## Definition
A **diffusion model** generates data by reversing a gradual noising process. Train it to remove a little noise at a time from a noisy version of real data; at inference, start from pure noise and iteratively denoise to produce a new sample. The dominant architecture for image and increasingly video generation.
## The Two Processes
### Forward (noising)
Take a real sample $x_0$ and progressively add Gaussian noise:
$
x_t = \sqrt{\bar\alpha_t}\, x_0 + \sqrt{1 - \bar\alpha_t}\, \epsilon, \quad \epsilon \sim \mathcal{N}(0, I)
$
After enough steps $T$, $x_T$ is essentially pure noise.
### Reverse (denoising)
Train a neural network — typically a U-Net or Diffusion Transformer (DiT) — to predict the noise (or the clean sample) at each step. At inference, run the reverse process from $x_T \sim \mathcal{N}(0, I)$ back to $x_0$.
## Why It Replaced GANs
- **Stable training.** No adversarial dynamics; no mode collapse.
- **High diversity.** Covers the full data distribution rather than memorising modes.

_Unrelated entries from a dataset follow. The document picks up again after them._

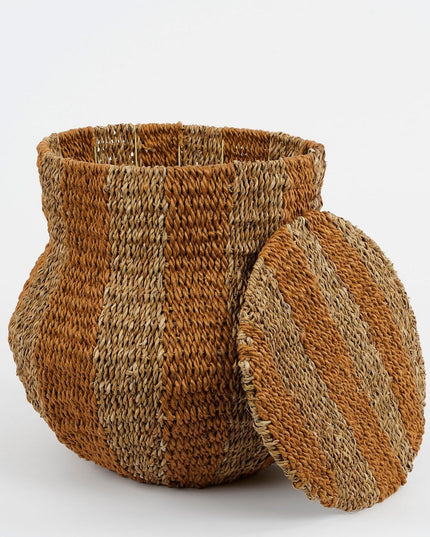 Tacoma Opbergmand met Deksel - H47 x Ø50 cm - Jute - Geel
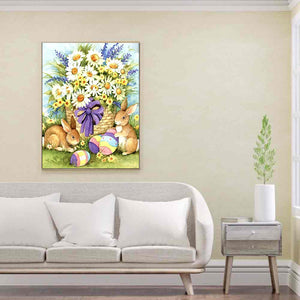 Easter Bunny 30x40cm(canvas) full round drill diamond painting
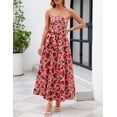 thumbnail image 5 of MEROKEETY Women's 2026 Summer Strapless Tube Floral Maxi Dress Boho Tie Flowy Beach Wedding Guest Long Sundress, Pink, XL, 5 of 5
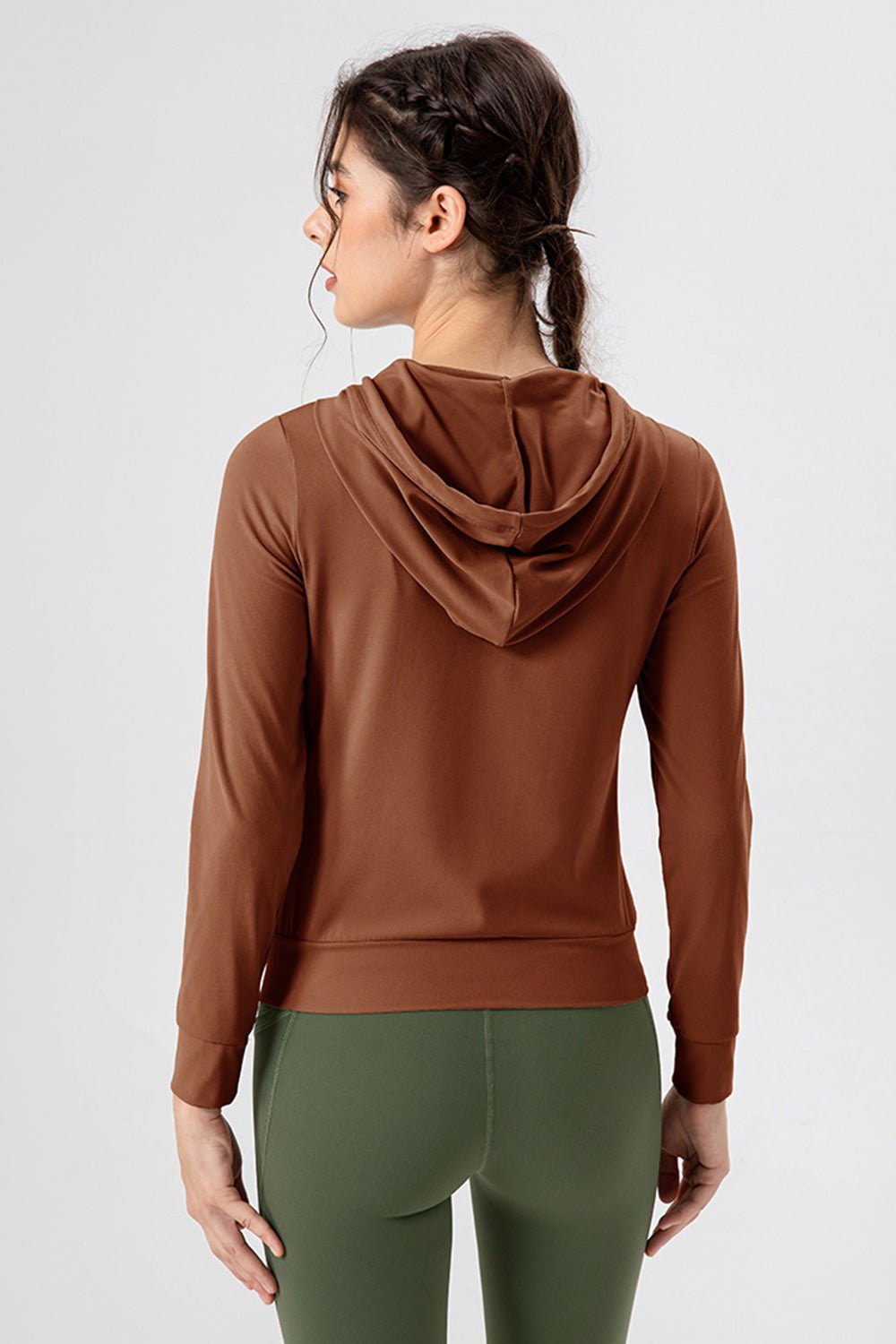 Drawstring Zip Up Hooded Active Outerwear - GirlyBayActivewearDrawstring Zip Up Hooded Active Outerwear100100383739938SBrownGirlyBayDrawstring Zip Up Hooded Active Outerwear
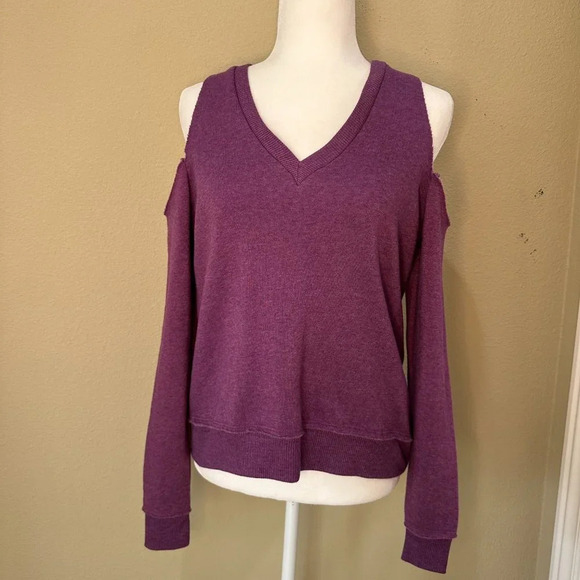 NEW! Alternative brand for NORDSTROM Purple Shoulder Cut Out Sweatshirt - small - Picture 2 of 7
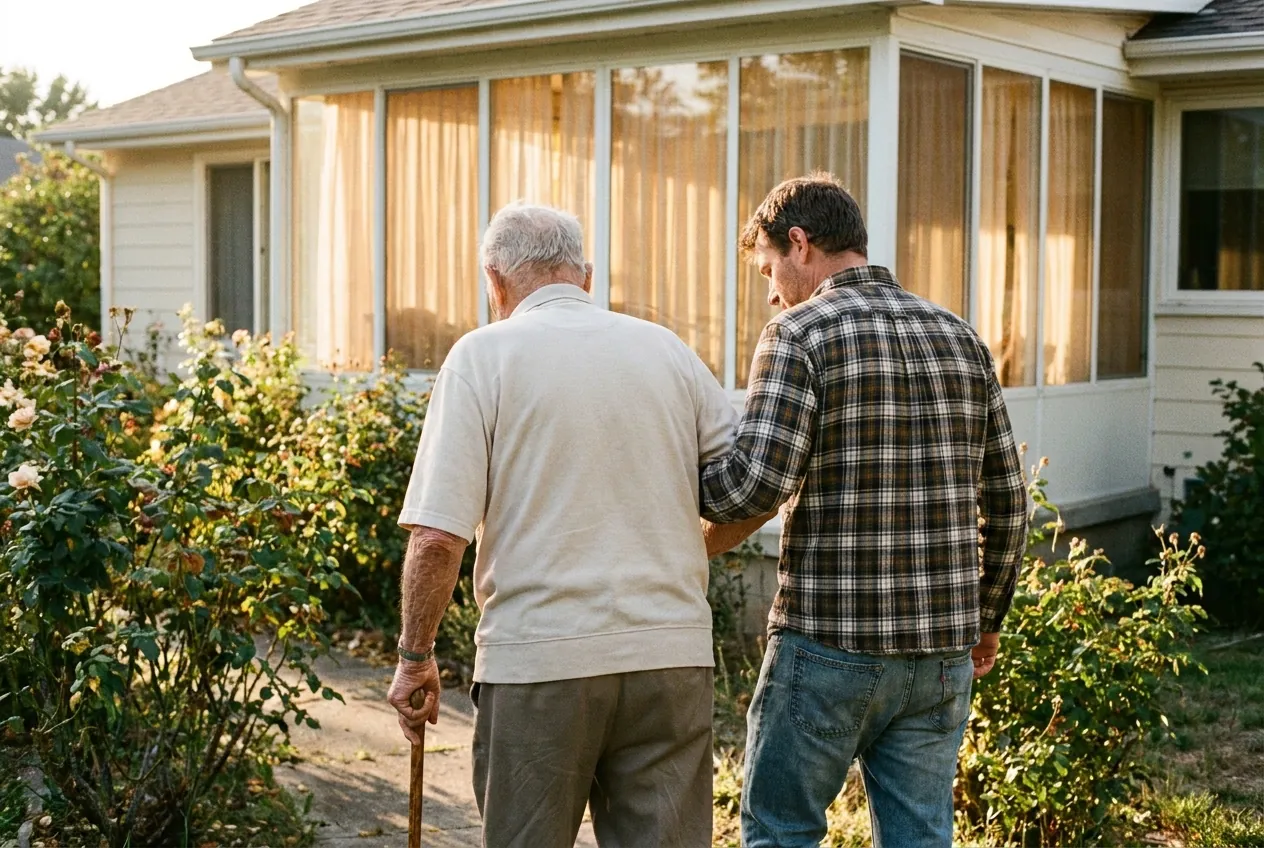An elderly man and his Willowmere carer walking arm in arm along a garden path in the late-afternoon light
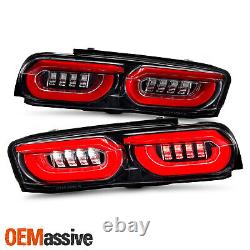 For 2019-2024 Chevy Camaro LED Tail Lights Rear Brake Lamp Black Red Lens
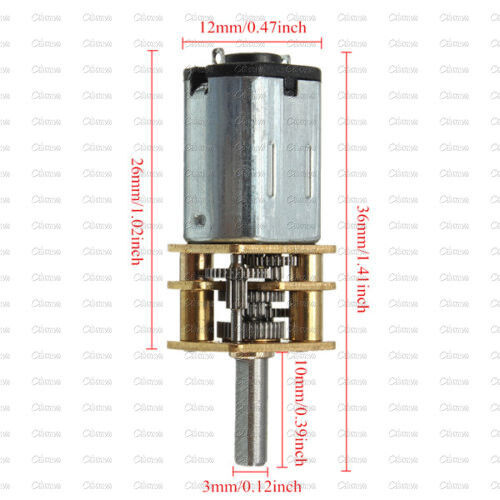 DC 6V 30RPM Micro Speed Reduction Gear Motor with Metal Gearbox Wheel N20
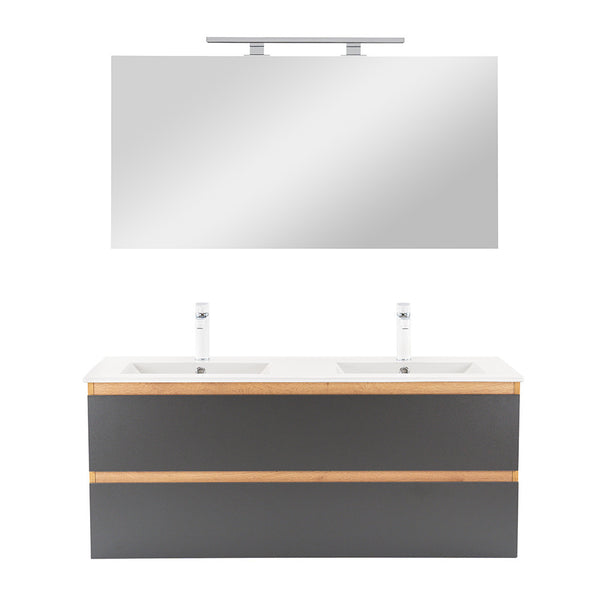 Leziter Set mobilier baie Vario Forte 120, stejar-antracit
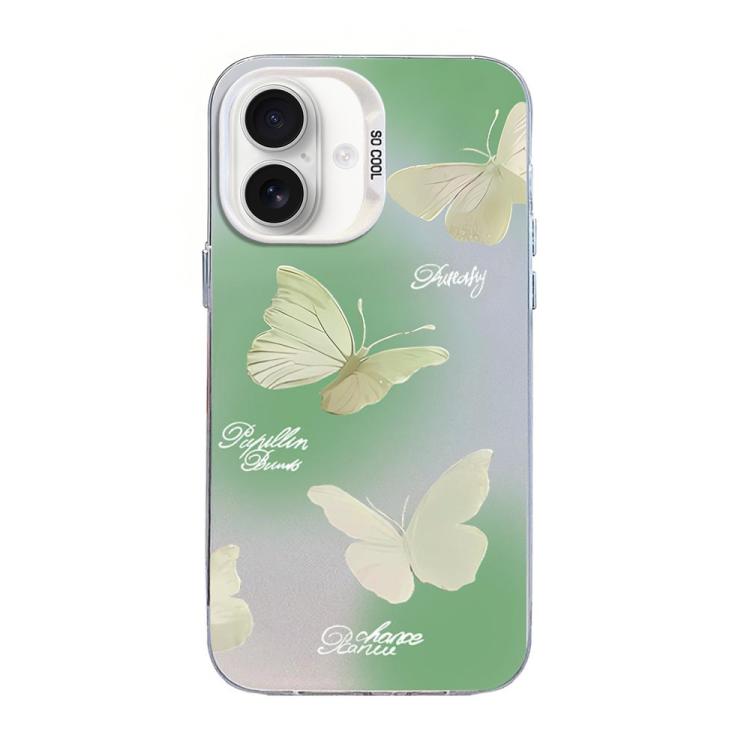 For iPhone 17 Butterfly Pattern Silver Plating PC Hybrid TPU Phone Case(Green White)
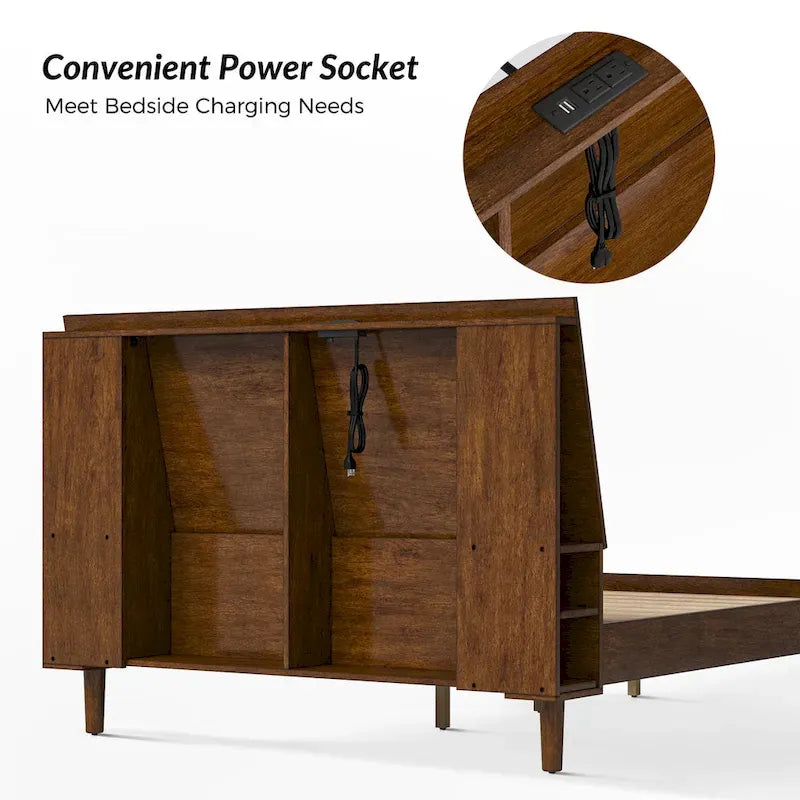 Mid-Century Modern Solid Wood Platform Bed with USB Ports and Storage Space by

- **High fidelity at scale.** Matches and exceeds GAN quality on most benchmarks.
- **Conditioning is easy.** Text-conditioned generation (Stable Diffusion, DALL-E, Imagen) plugs cleanly into the framework.
## Latent Diffusion
Rather than diffusing in pixel space, train a VAE to compress images into a small latent, then diffuse in latent space. This is what made high-resolution image generation tractable — Stable Diffusion uses this approach, and most modern image models followed.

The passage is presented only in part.